3D thymic-like hydrogels for T-cell differentiation

A study published in GEN Biotechnology describes the establishment of the first hydrogel-based platform for producing T-cells from hematopoietic stem and progenitor cells. Researchers engineered biomaterials integrated with key thymic components to direct T-cell development, producing functional T-cells with the capability for cytokine production.

Peter Zandstra, from the University of British Columbia, and co-authors of this study state that combining these 3D-engineered hydrogels with cell-based gene therapy could enhance CAR T-cell potency in cancer treatments.

Also featured in the latest issue of GEN Biotechnology is the article titled “Reducing Excessive Fat Accumulation Using Deoxycholate-Based Composite Microparticles.” Solubilized deoxycholic acid has been FDA-approved and used commercially for local fat reduction; however, injection site reactions have limited its success in the clinic.
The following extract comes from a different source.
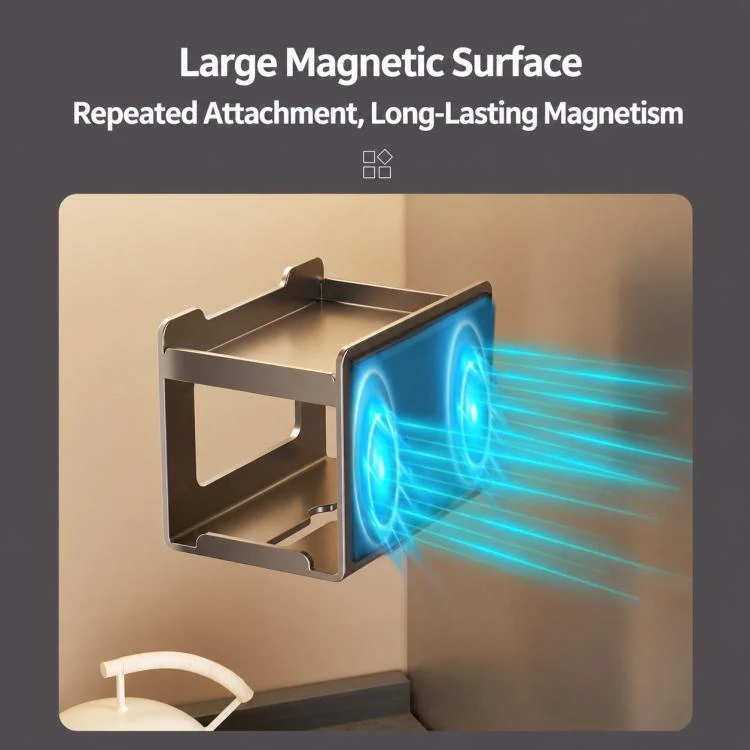 Multifunctional Wall Mounted Magnetic Tissue Storage Holder(Gun Metal) - Image 7
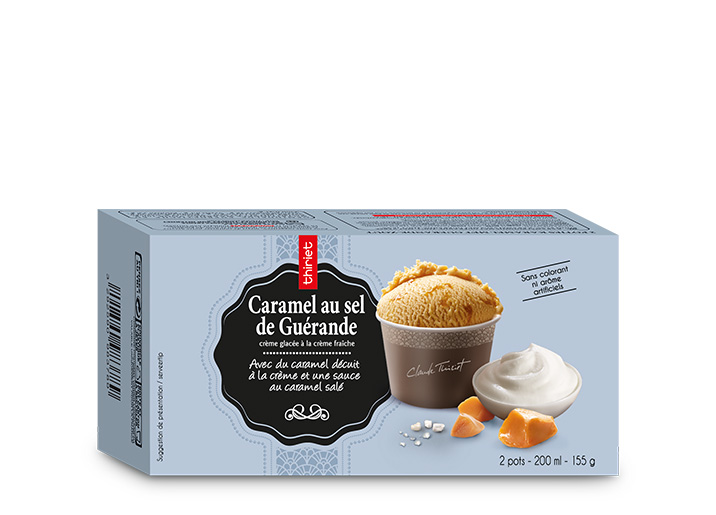 2 Pots individuels Caramel au sel de Guérande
Lola Eniola-Adefeso, from the University of Michigan, and colleagues, reported that optimizing the dosage of deoxycholate-based composite microparticles can significantly reduce fat in a mouse model without causing any visible injection site reactions. The authors also demonstrate the scalability of the particle treatment by modulating the number of injection sites to achieve a well-tolerated, significant fat reduction in a larger rodent model.

In the Perspective article titled “Neural Network Potentials for Advanced Small-Molecule Drug Discovery and Design,” Simon Barnett, from Dimension, describes the merger of key computational technologies such as molecular mechanics force fields and machine learning, in the form of neural network potentials, as a new frontier for rapid, accurate and generalizable small-molecule drug discovery.

Advances in spatially resolved and high-throughput molecular imaging methods, such as multiplexed immunofluorescence and spatial transcriptomics, have given rise to large and complex datasets, leading to the development of innovative machine learning (ML) tools to disentangle signal from noise in complex systems.

A Mini-Review by Reza Abassi-Asl, from the University of California, San Francisco, and co-authors, highlights spatial transcriptomics analysis goals addressable by ML.

The authors also describe major data science concepts to support researchers in choosing the appropriate tool for their biological question.